Não. Não existe uma receita como ‘faça isso que vai dar certo’! Pelo que eu tenho visto na clínica, o processo de desfragmentação das pessoas, dos vínculos mais simples de família, que é a nossa base emocional… Se cada um realmente pudesse parar e pensar se está sendo leal com o que importa pra ele, quanto mais essas questões se revelam as pessoas vêm em busca de ajuda. E não só ajuda de um profissional, mas poder contar com um companheiro, um irmão, um amigo, com alguém que nos ouça. Ninguém é auto-suficiente. Há momentos em que até podemos estar, mas somos seres ‘relacionais’, por isso é importante parar para refletir a esse respeito.

O que fazer para escapar da pressão consumista?

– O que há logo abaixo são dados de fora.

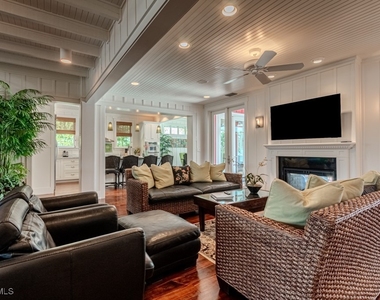 245 Broad Avenue S - Photo Thumbnail 20
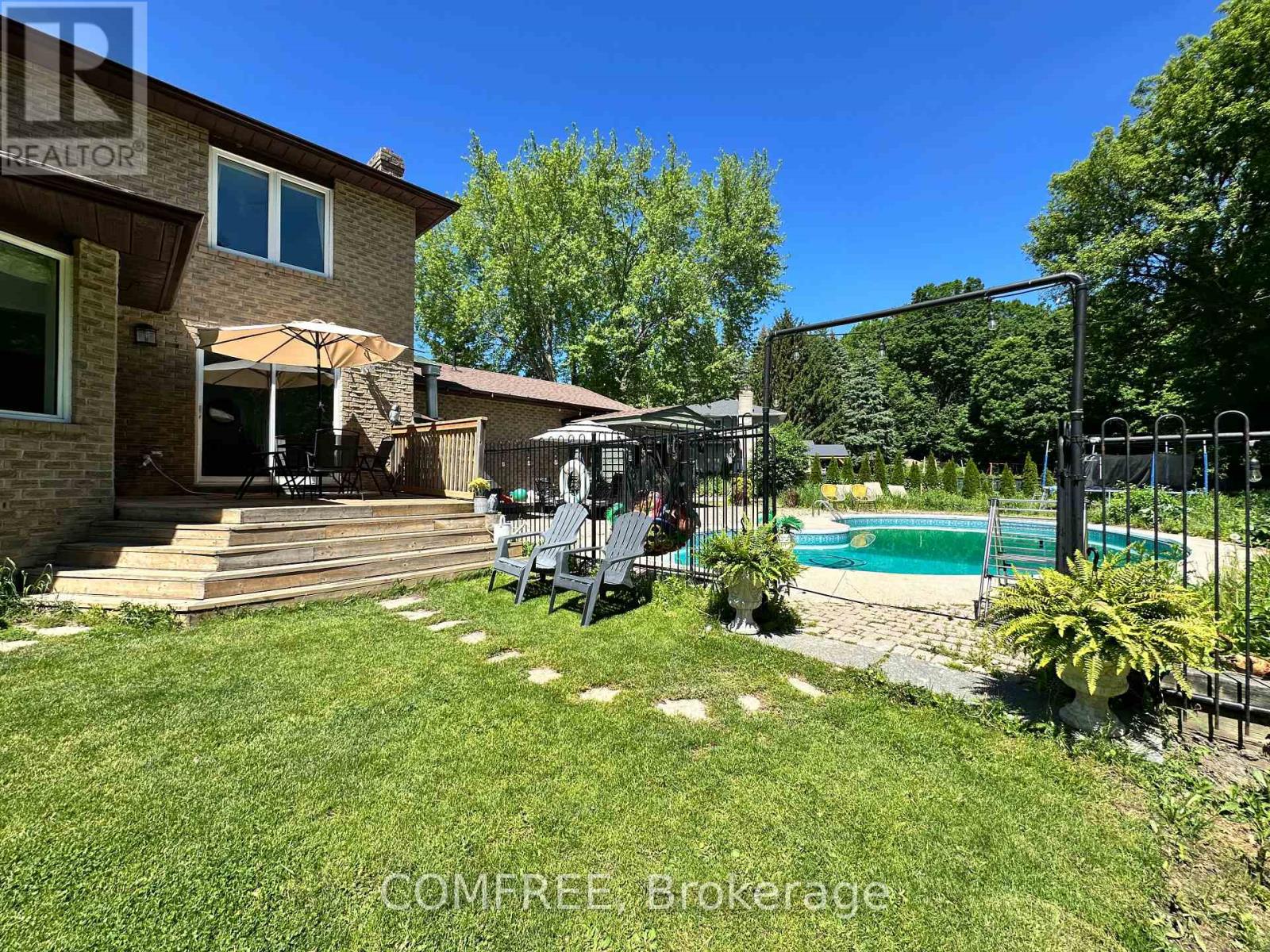 46 William Street, East Gwillimbury, Ontario  L0G 1V0 - Photo 4 - N13463064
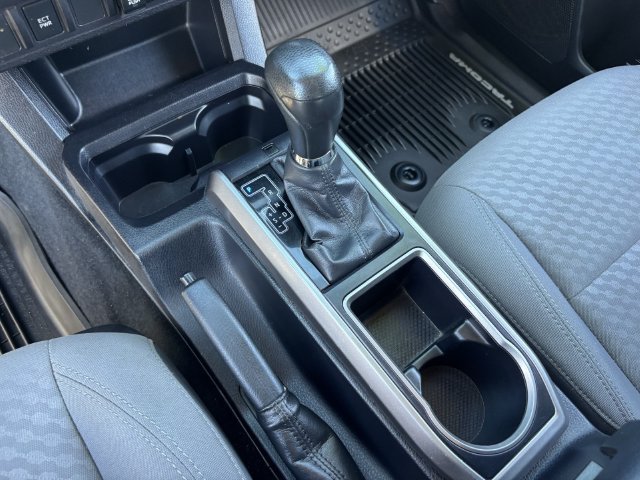 Used 2020 Toyota Tacoma SR5 RWD image 25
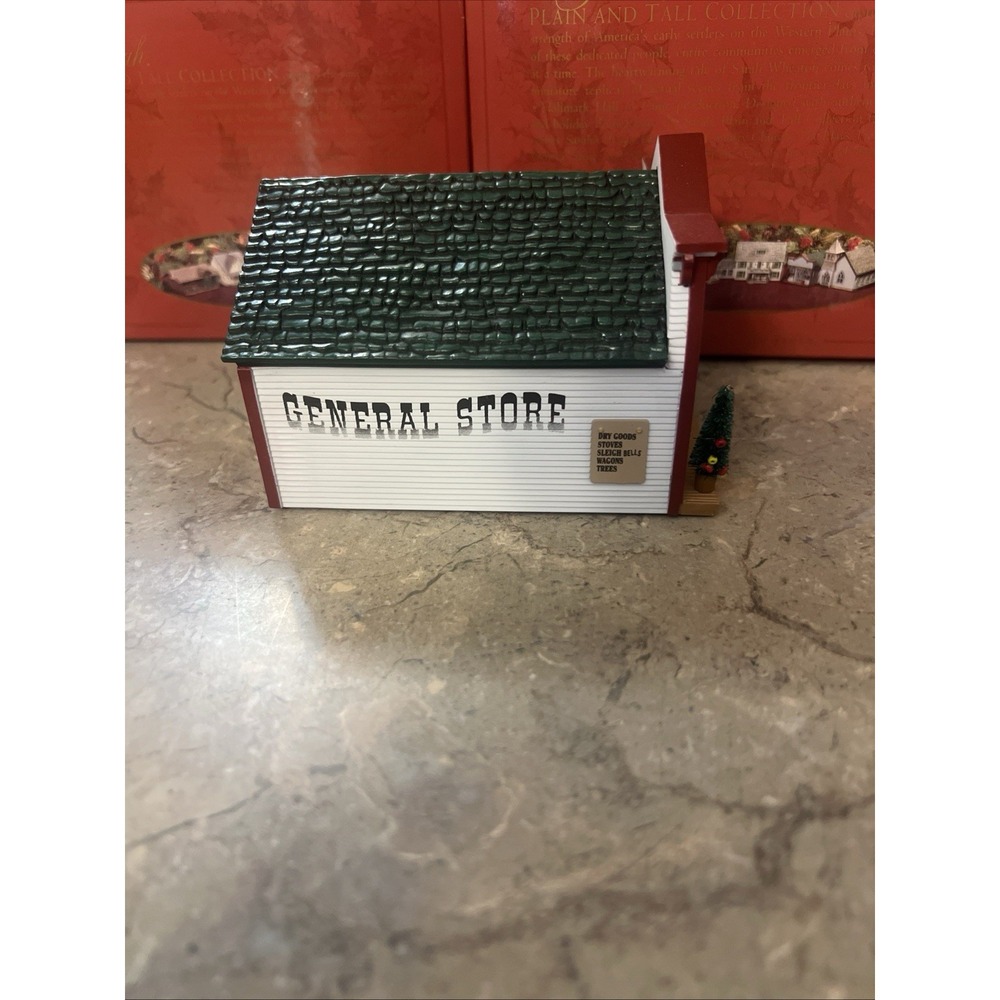 1994 Hallmark Mrs. Parkley's General Store HO Scale Building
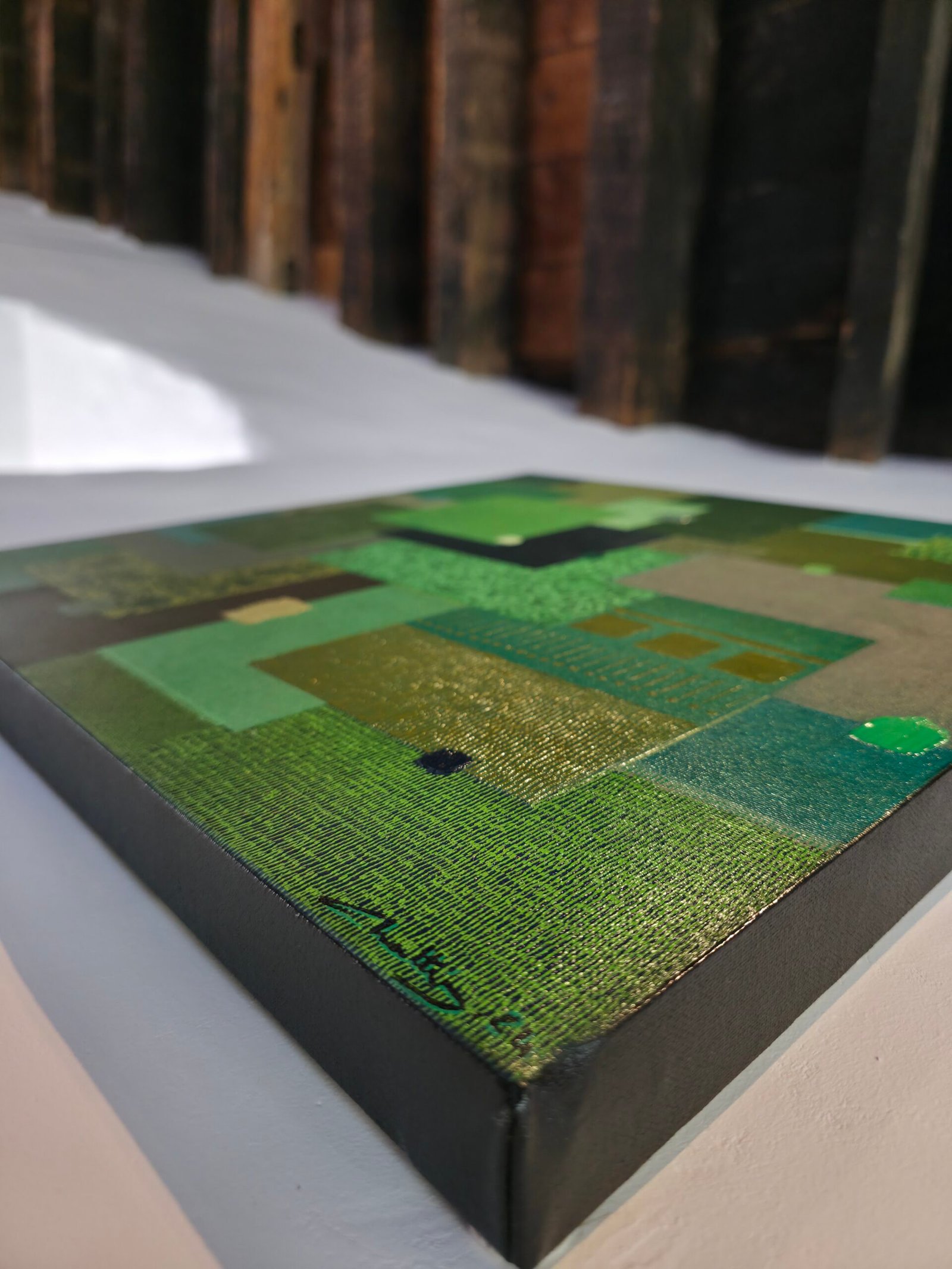 Détail macro de l'œuvre Oscillation chlorophyllienne par Chatti Karim. Zoom sur les textures abstraites vertes, mousse et écorce. Peinture contemporaine à fort relief, acrylique et sable. Collection L'Invisible.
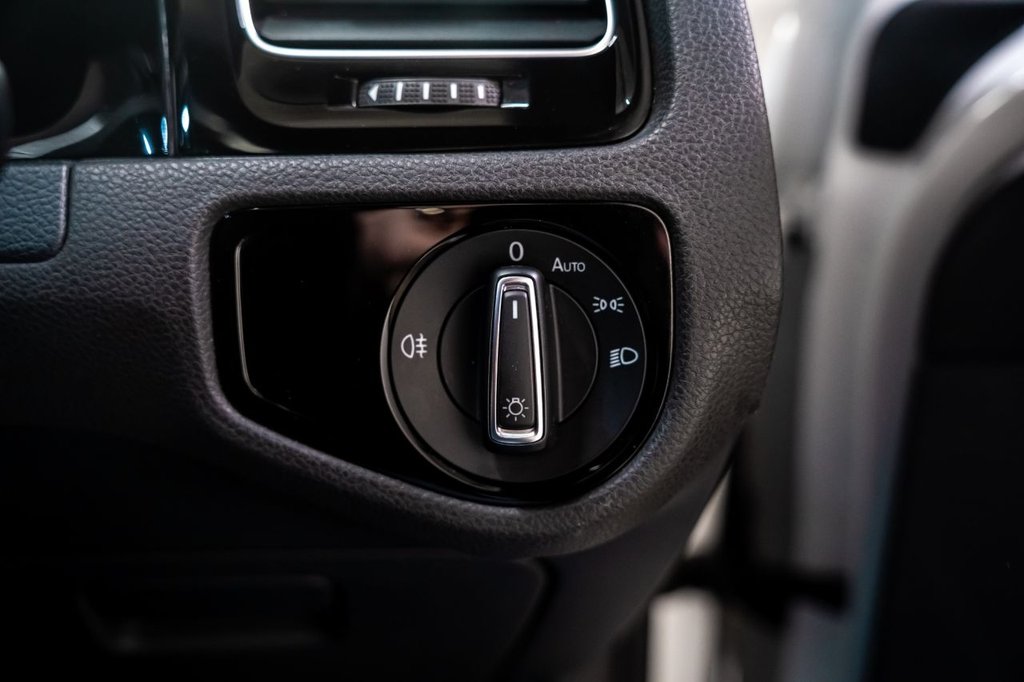 Used Volkswagen Golf 2016 for sale - 76703740: Photo 20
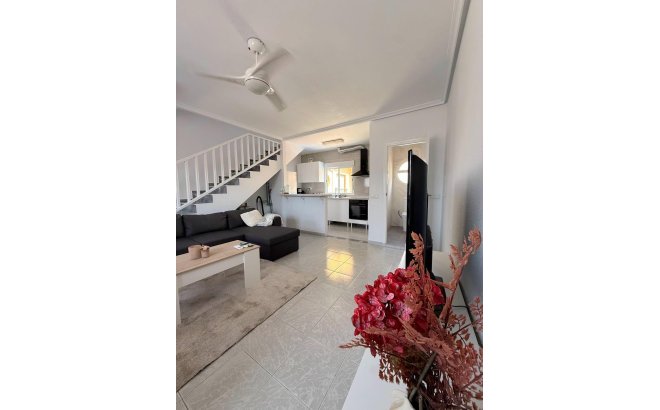 Resale - Dúplex -
Torrevieja - Playa del Cura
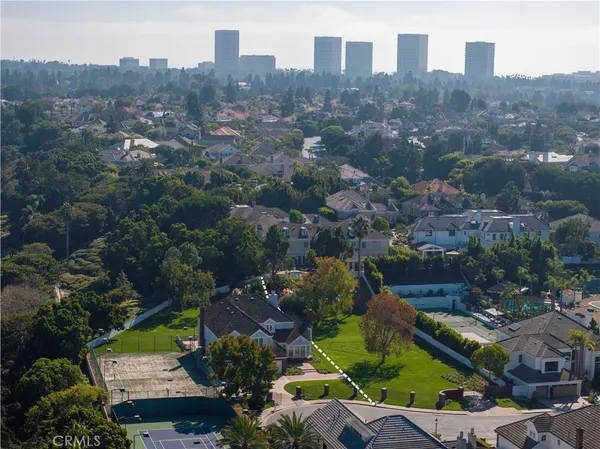 an aerial view of multiple house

De novo é parar e voltar para a questão de quais valores estão estabelecidos neste nosso mundo. É difícil primar as relações de afeto. Vale mais o ‘tenho que ganhar um super presente’. E esse consumismo no Natal foi estimulado porque antigamente havia uma queda nas vendas. Falando de novo em reflexão, as pessoas têm que parar para olhar, neste mundo corrido, onde os pais nem sempre têm tempo para estar com os filhos, e pensam: ‘Já que eu não posso dar tanta atenção, então darei algo que é como se fosse um substituto’. Mas não existe um substituto para a atenção… Poder dizer que ama, independente de qualquer coisa, e o filho saber receber isso da mesma maneira. O que eu diria neste momento é que as pessoas busquem lidar com suas angústias. Se estiverem se sentido sós, que busquem o semelhante e tentem restabelecer as conexões, e sem fazer isso com cobranças. Às vezes a gente fica muito tempo sem ver um amigo e quando encontra diz: “Você não me procura mais!!?” Se a gente tiver menos cobrança e mais disponibilidade fica mais simples. Amigo que é amigo, independente do tempo que fica sem se ver, quando se encontra continua a conversa de onde parou, sem cobrar o tempo da ausência. Quando uma relação é verdadeira, não é a presença física que importa e sim tudo aquilo que você mantém e guarda da pessoa ao longo da vida. Sentiu saudade de uma pessoa? Passa a mão no telefone e liga. Às vezes não dá para encontrar mesmo! Este mundo hiper veloz em que vivemos é verdadeiro. Principalmente aqui em São Paulo, que para você se deslocar dentro da cidade, à vezes leva mais tempo que pegar o carro e descer para o litoral. Um pouco mais de abertura pode ser um bom caminho e os planos e projetos para o ano novo são válidos, sim!